Dalam kaitan dengan demokrasi, kecenderungan di atas sering dibenarkan, dengan mengatakan bahwa pembatasan hak-hak demokratis itu dibutuhkan agar pembangunan ekonomi dan penciptaan keamanan dimungkinkan dan rakyat dapat hidup dengan tenteram dalam keadaan tidak miskin dan tanpa terancam. Logikanya, pemerintahan untuk rakyat harus didahulukan, sekalipun buat "sementara waktu" pemerintahan oleh rakyat dan pemerintahan dari rakyat harus dikorbankan sedikit.
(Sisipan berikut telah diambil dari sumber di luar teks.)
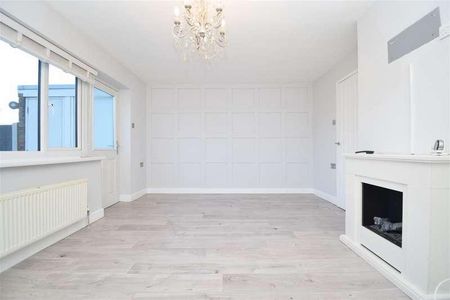 Leatham Park Road, Featherstone, WF7 - Photo 2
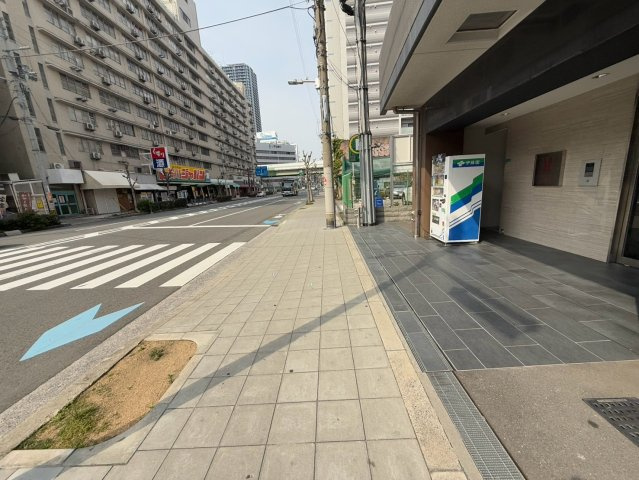 ラシュレエグゼ難波西の駐車場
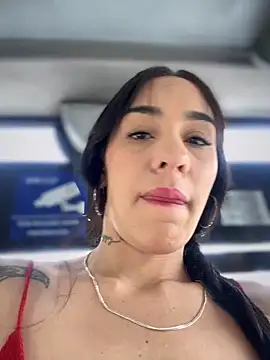 Snapshot of __IRIS__ chatting on February 18, 4:48 pm IRIS online show from February 18, 4:48 pm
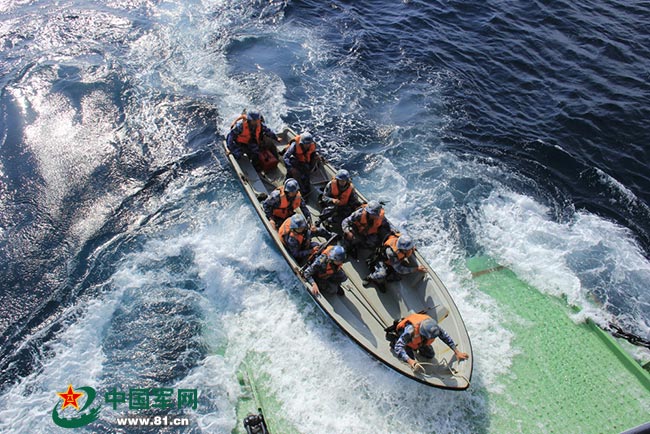 南海艦隊(duì)某登陸艦支隊(duì)在南海某海域展開(kāi)突擊登陸演練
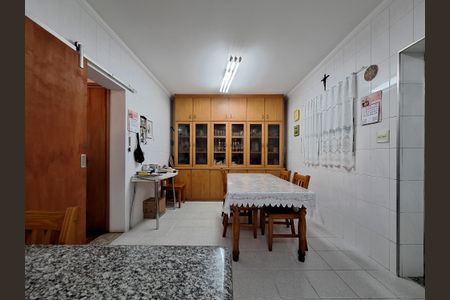 Casa à venda com 222m², 3 quartos e 2 vagasCozinha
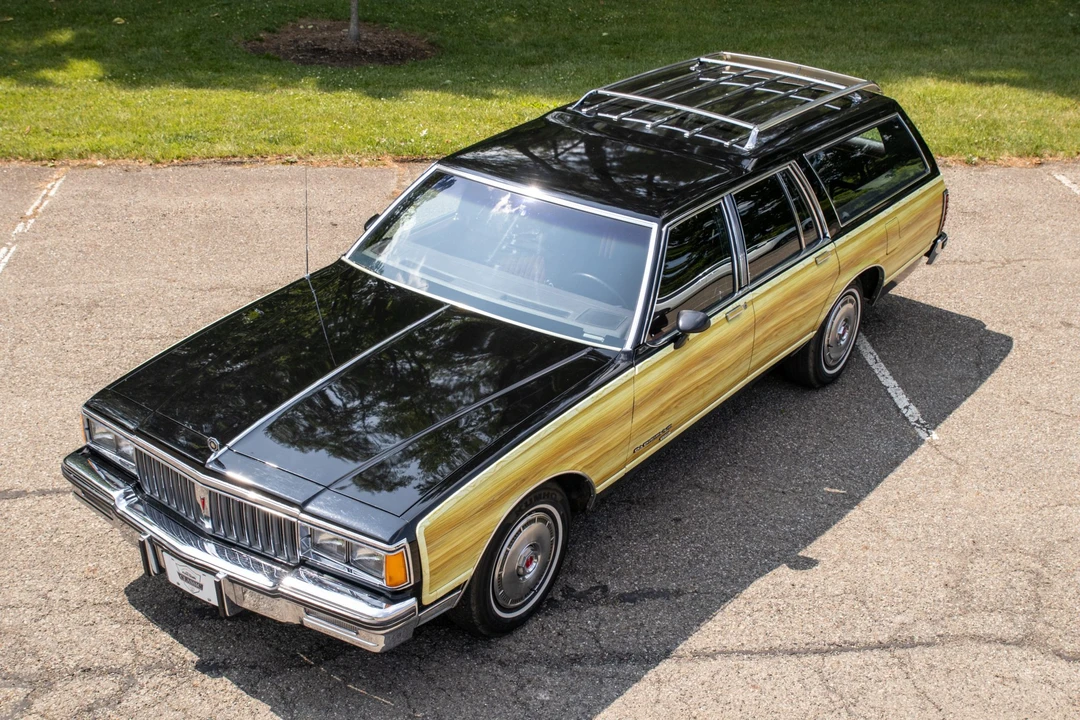 1986 Pontiac Parisienne - Image 2 of 31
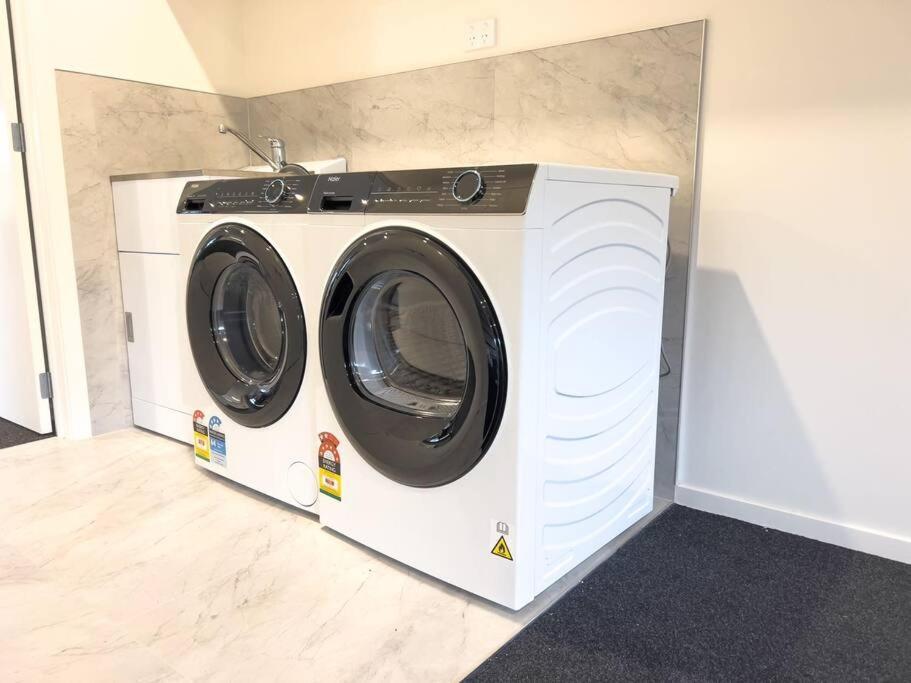 Rotorua Sunshine Brand New 4 Bedroom House 외부 사진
Asumsi-asumsi paham developmentalisme Orde Baru mulai terdengar kembali. Dalam acara Selamat Pagi Indonesia yang disiarkan oleh sebuah stasiun televisi pada suatu pagi 20 April lalu, seorang anggota Dewan Pimpinan Pusat Partai Golkar, Mahadi Sinambela, dan guru besar ilmu politik Universitas Indonesia, Prof. Maswadi Rauf, bersepakat bahwa demokrasi tidak begitu cocok dengan rakyat yang masih miskin. Ke mana larinya asumsi ini sudah dapat diperkirakan. Rakyat harus cukup makmur lebih dulu, barulah demokrasi dapat diterapkan. Selama rakyat belum makmur, demokrasi bisa ditunda dulu pelaksanaannya dan pemerintahan otoriter dapat dibenarkan asalkan efektif.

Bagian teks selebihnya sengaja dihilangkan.